[Haskell-cafe] List minimum - performance question
Dusan Kolar
kolar at fit.vutbr.cz
Fri Jul 20 05:10:32 EDT 2007
Hello all,
Inspired by exercise on the minimal value of a given list I tried
myself produce several versions of such a function:
exercise: using just ($), head, filter, null, id, map, (<) without
explicit recursion definition
direct-forward: direct implementation using forward recursion,
if-then-else, (<)
direct-backward: direct implementation using backward recursion,
if-then-else, (<)
foldl: using foldl, lambda abstraction, if-then-else, (<)
foldr: using foldr, lambda abstraction, if-then-else, (<)

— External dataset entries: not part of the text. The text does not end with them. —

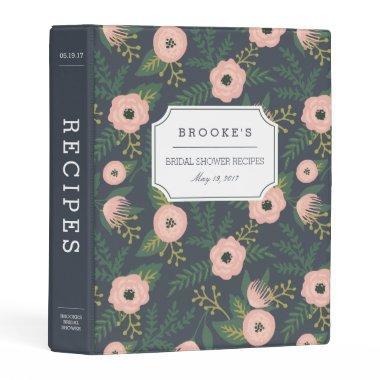 Midnight Blooms  Recipe Mini Binder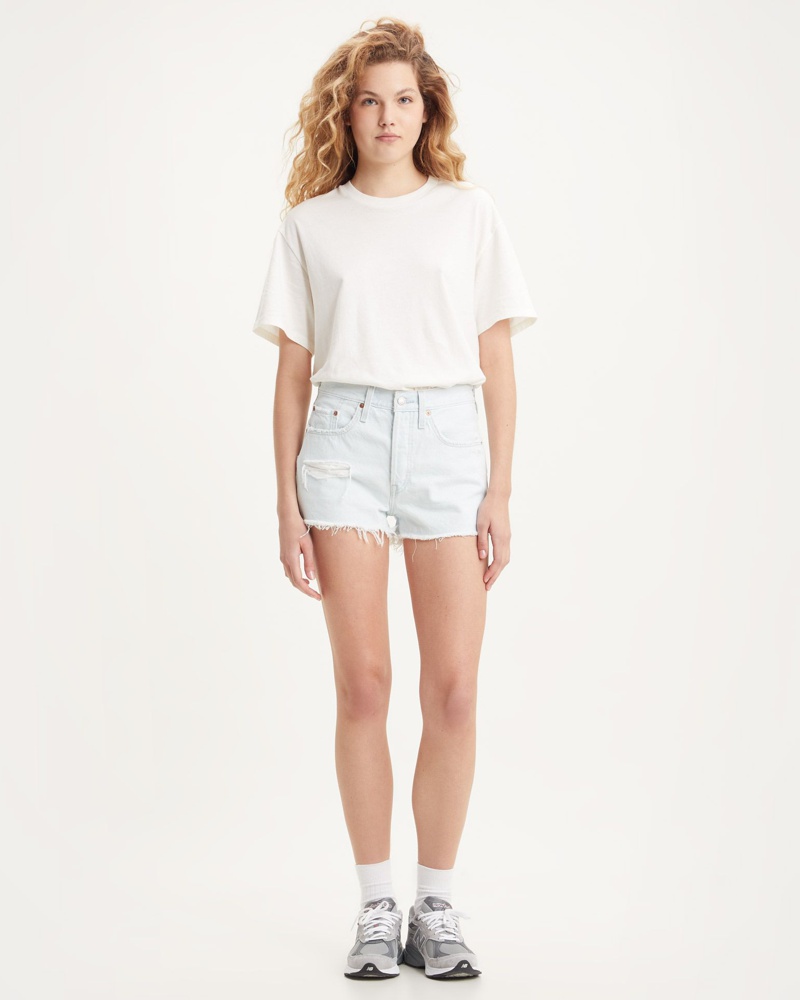 Levi's Damen 501® Shorts mit hohem Bund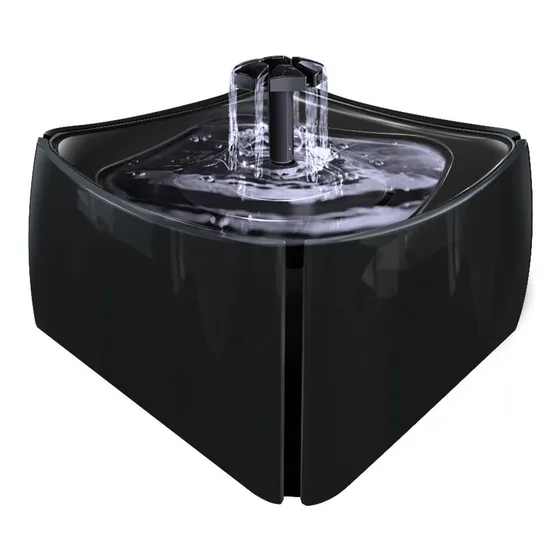 Fonte Bebedouro Gato Cães Pet 1,8L 127/220V com Filtro; Cor Preto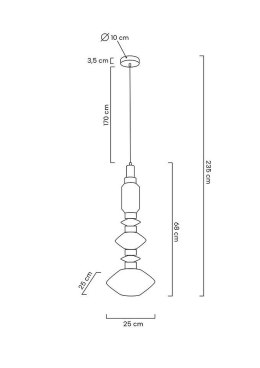 LAMPA WISZĄCA VASO ZŁOTA 1xG9 + LED Moosee MOOSEE STAL SZKŁO NOWOCZESNA I DEKORACYJNA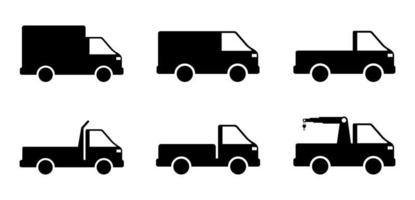 Truck icon set - vector illustration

From a recursion point of view, I see a similarity between
direct-forward and foldl. Of course, the same similarity is between
direct-backward and foldr. Am I right? If yes, then there is something
strange in the results I have gained (see below).
I did my measurements in winhugs (Version: Sep 2006) for lists of
length 10, 100, 1000 and 50 elements. I tested on list with the same
constant, list where the first number is minimal (these two cases are
from this point of view similar/the same), lists, where some element in
the "middle" is minimal, and finally lists, where the last element is
the minimal one. As for constant and first minimal element list I got
the same result, we can join them and have just three categories of
lists, let's call them first, mid, last.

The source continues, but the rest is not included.